This morning, conservative pundit William Kristol wrote in The Bulwark what a number of us have been saying for a while now, and it dovetails cleanly with the current Republican attempt to suppress voting.
Kristol warns that our democracy is in crisis. For the first time in our history, we have failed to have a peaceful transfer of power. The Republican Party launched a coup—which fortunately failed—and “now claims that the current administration is illegitimately elected, the result of massive, coordinated fraud. The logical extension of this position would seem to be that the American constitutional order deserving of our allegiance no longer exists.”
“So,” he notes, “we are at the edge of crisis, having repulsed one attempted authoritarian power grab and bracing for another.” —Heather Cox Richardson, Letters from an American, 3/1/21
Democracy Under Siege: As a lethal pandemic, economic and physical insecurity, and violent conflict ravaged the world, democracy’s defenders sustained heavy new losses in their struggle against authoritarian foes, shifting the international balance in favor of tyranny, Sarah Repucci and Amy Slipowitz, Freedom House, 3/2/21
As a lethal pandemic, economic and physical insecurity, and violent conflict ravaged the world in 2020, democracy’s defenders sustained heavy new losses in their struggle against authoritarian foes, shifting the international balance in favor of tyranny. Incumbent leaders increasingly used force to crush opponents and settle scores, sometimes in the name of public health, while beleaguered activists—lacking effective international support—faced heavy jail sentences, torture, or murder in many settings.
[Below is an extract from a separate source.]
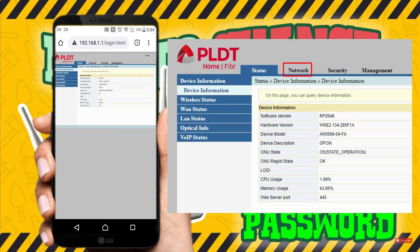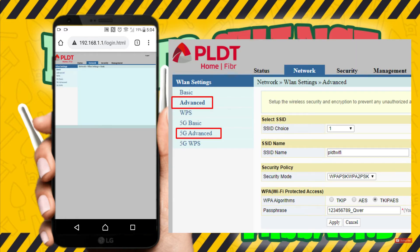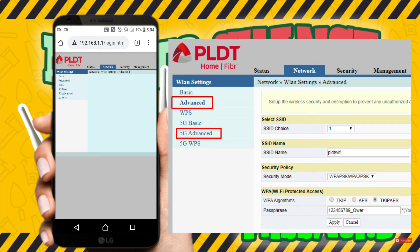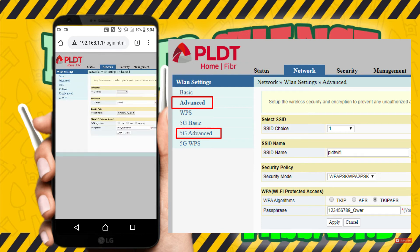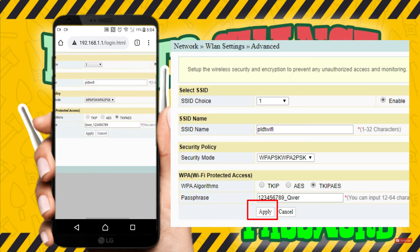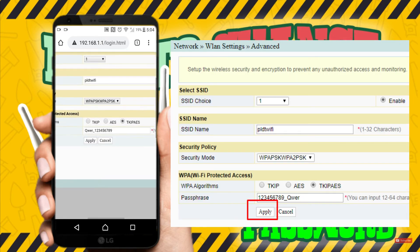After logging in, go to the Network tab to change your Wi-Fi password. In here there are a few menus, but to change your 2.4G Wi-Fi password just go to the Advanced tab. And for changing the 5G password, go to the 5G Advanced menu. So here you can change your Wi-Fi password.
These withering blows marked the 15th consecutive year of decline in global freedom. The countries experiencing deterioration outnumbered those with improvements by the largest margin recorded since the negative trend began in 2006. The long democratic recession is deepening.
My nomination for outrage of the week:
Wisconsin hunters kill 216 wolves in less than 60 hours, sparking uproar, Kills quickly exceeded statewide limit, forcing the state to end the hunting season early, Victoria Bekiempis, The Guardian, 3/3/21
State authorities had a total culling goal of 200 wolves, in an attempt to stabilize their population. As Native American tribes claimed a quota of 81 wolves, this left 119 for the state-licensed trappers and hunters. Because the tribes consider wolves sacred, they typically use their allotment to protect, not kill, them.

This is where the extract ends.